Suriye’de iç savaş ve dış müdahaleler nedeniyle ülkesini terk etmek zorunda kalanların sayısı 8 milyon.

500 bin insan hayatını kaybetti. Aralarında bebekler de var.

Ülke içinde milyonlarca insan da yer değiştirmek zorunda kaldı.

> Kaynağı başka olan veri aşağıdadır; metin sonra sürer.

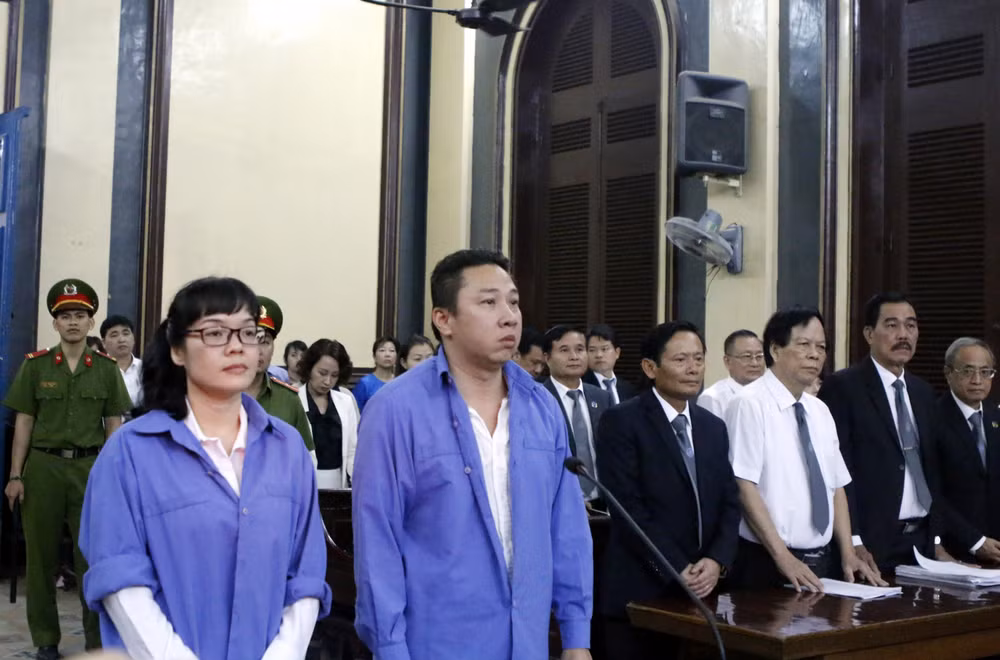 胡志明市人民法院一审开庭审理黄氏玄茹诈骗1万亿多越盾一案 ảnh 1 胡志明市人民法院一审开庭审理黄氏玄茹诈骗1万亿多越盾一案 ảnh 1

Esed güçlerinin, silahlı muhalifleri yok etmek için yaptığı bombardımanlar ve sonrasında IŞİD’i bitirmek için yapılan havadan müdahaleler, bir çok Suriye şehrini şu an neredeyse yerle bir etmiş durumda…

***

Tüm bunları herkes az çok biliyor.

Gözlerimizin önünde yaşandı.

Peki, Türkiye’nin tam bu olayların göbeğinde ne işi var?

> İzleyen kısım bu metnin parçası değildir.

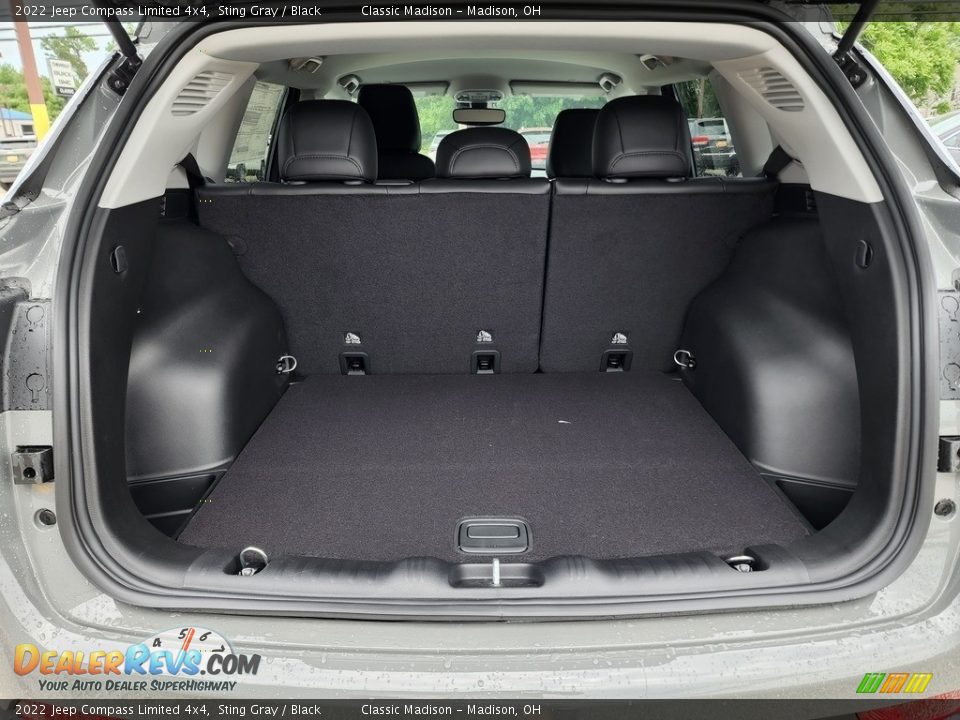 2022 Jeep Compass Limited 4x4 Sting Gray / Black Photo #11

Türkiye, yıllarca silahlı muhalifler, yabancı cihatçılar, radikal örgütlerin lojistik üssü ve insan kaynağı limanı gibi hareket etti. 

Muhalifleri eğitti. Muhalif gruplara silah sevkıyatı yaptı.

Ünlü MİT TIR’ları vakası bu yasadışı sevkıyatlardan birine suçüstü yapılmasıdır.

Körfez ülkelerinden gelen silah ve mühimmatın, muhaliflere Türkiye üzerinden ulaşmasını sağladı.

Hedef belliydi: Diktatör Esed rejimi devrilerek yerine daha demokratik ve özgür bir Suriye yönetiminin gelmesi sağlanacaktı…

***

Hesaplar tutmadı.

Esed’in ülke içinden sağladığı destek doğru tahmin edilemedi. 

İran ve Rusya’nın milis ve silah desteği, muhalifleri besleyen ülkelerin kendi aralarında ters düşmesi, iç savaşta oluşan boşlukta İŞID ve El Kaide’nin avantaj elde etmesi her şeyi ters yüz etti. 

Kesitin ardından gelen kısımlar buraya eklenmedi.